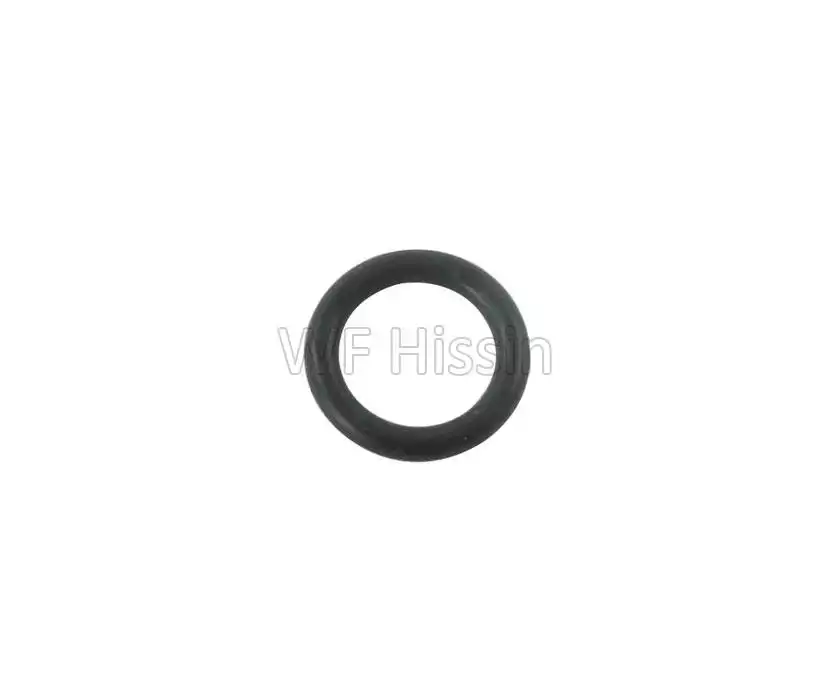 O-ring 12.5x2.65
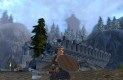 Warhammer Online: Age of Reckoning Játékképek d102a1af3daf0cc38979  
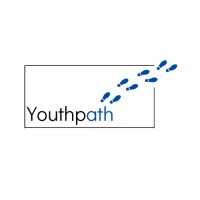 Youthpath NGO logo - Similar company to Thingenious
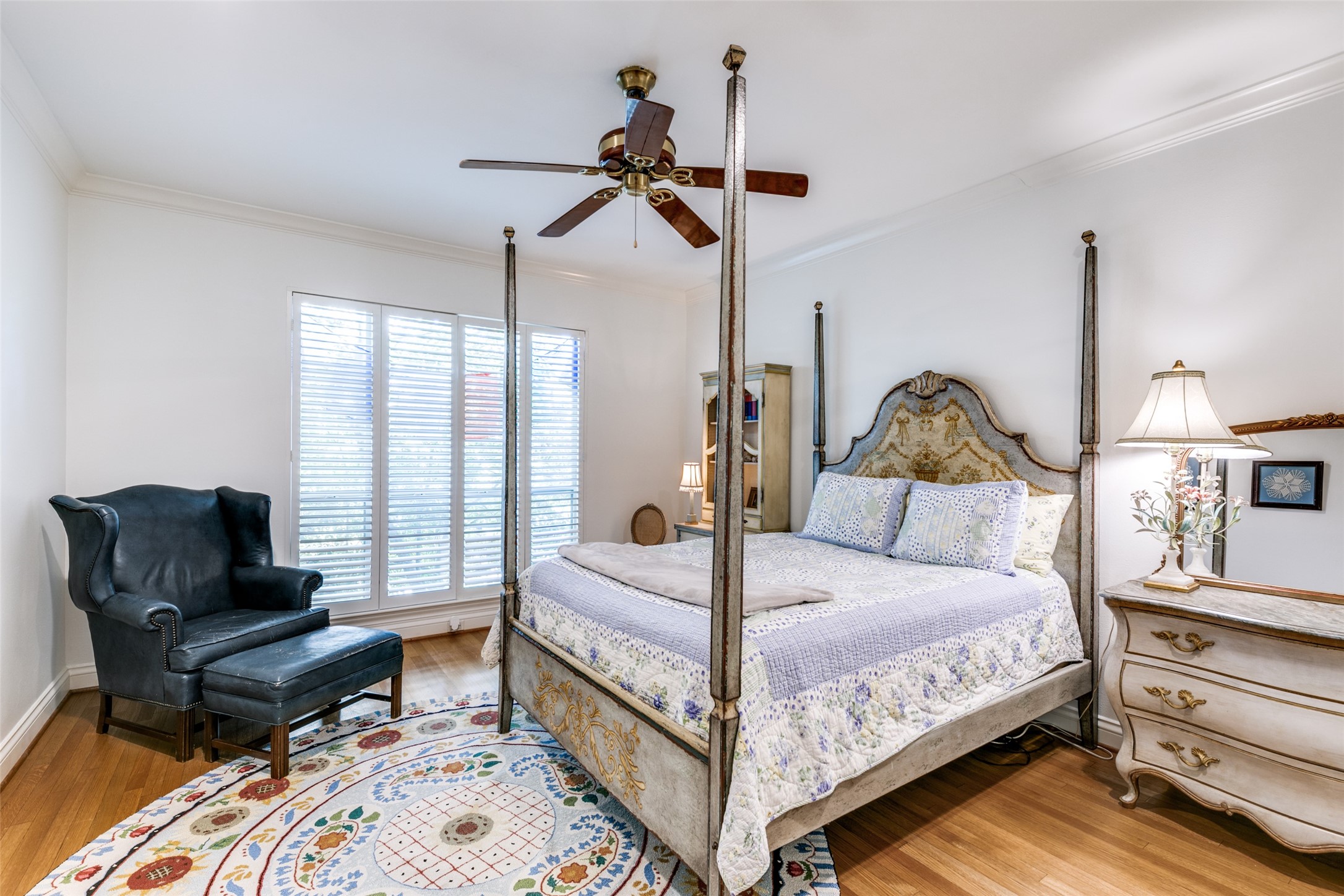 6144 Averill Way Dallas TX 75225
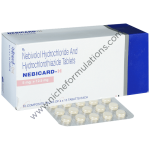 DRS201191_1.png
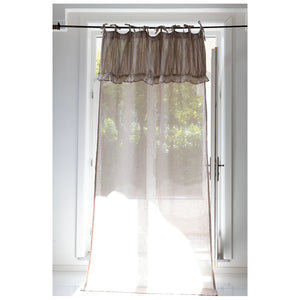 Tenda Raphaelle 140x290 Atelier 17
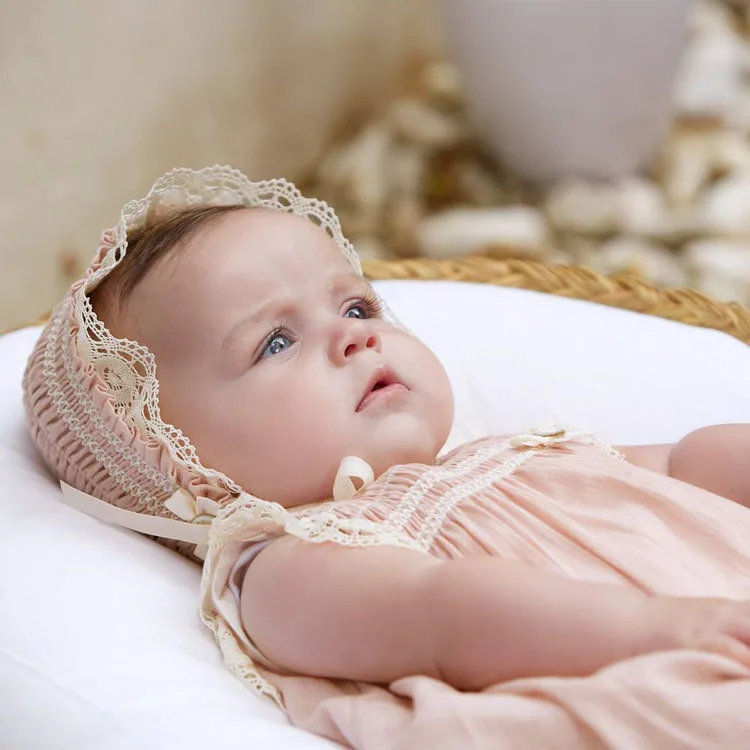 Paz rodriguez baby clothes Clearance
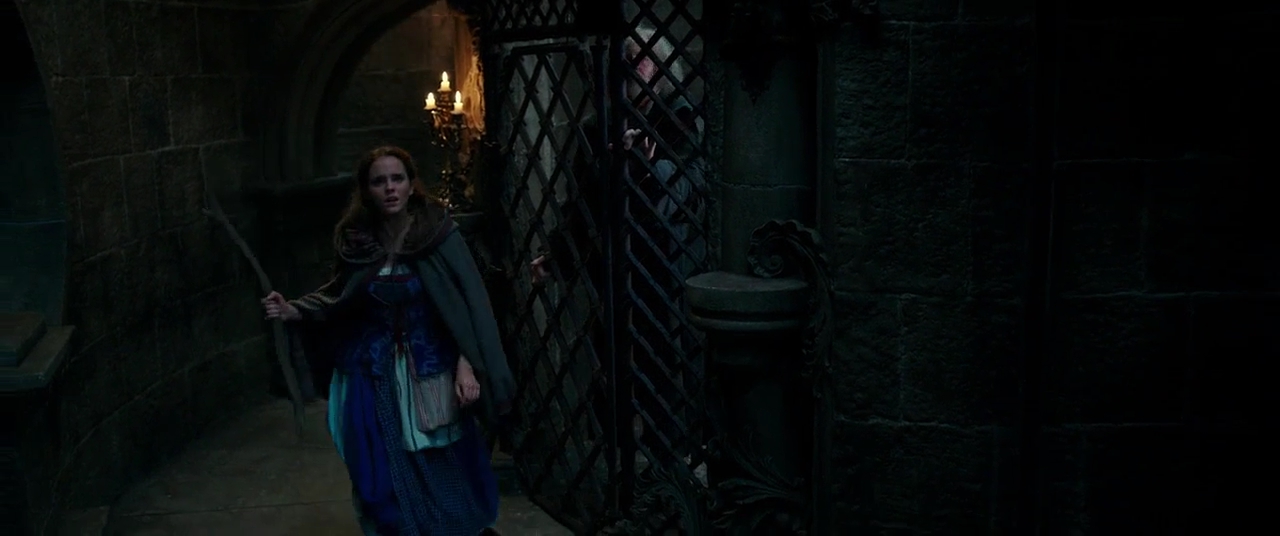 EmmaWatsonFan-dot-NL_BeautyAndtheBeast1414.jpg EmmaWatsonFan-dot-NL_BeautyAndtheBeast1414.jpg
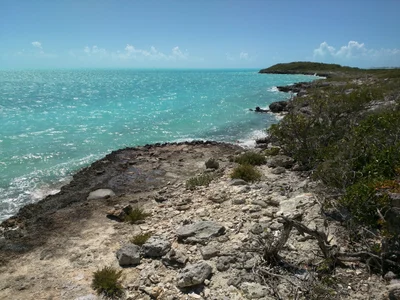 Providenciales - Photo 3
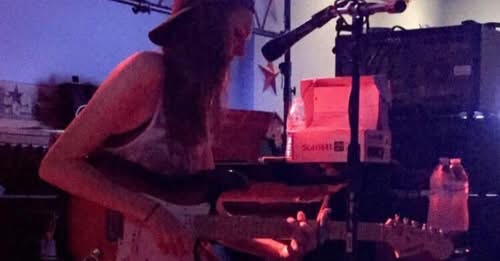 Kallin Eget Indiana Obituary, Cause of Death: In Loving Memory of Kallin Eget, Who Tragically Passed Away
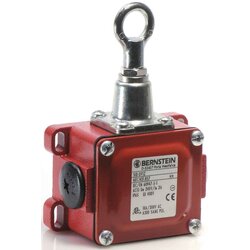 Bernstein Tools Bernsteinovo vlečno stikalo SD-U1 #6111411029, (21040541) Cene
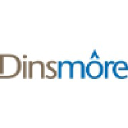 Dinsmore.com logo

Problem statement: Only the lines from the one containing "DRS201191_1.png" through the final line of the records should be transcribed, exactly and with no pictures.

Response area:
 DRS201191_1.png
 Tenda Raphaelle 140x290 Atelier 17
 Paz rodriguez baby clothes Clearance
 EmmaWatsonFan-dot-NL_BeautyAndtheBeast1414.jpg EmmaWatsonFan-dot-NL_BeautyAndtheBeast1414.jpg
 Providenciales - Photo 3
 Kallin Eget Indiana Obituary, Cause of Death: In Loving Memory of Kallin Eget, Who Tragically Passed Away
 Bernstein Tools Bernsteinovo vlečno stikalo SD-U1 #6111411029, (21040541) Cene
 Dinsmore.com logo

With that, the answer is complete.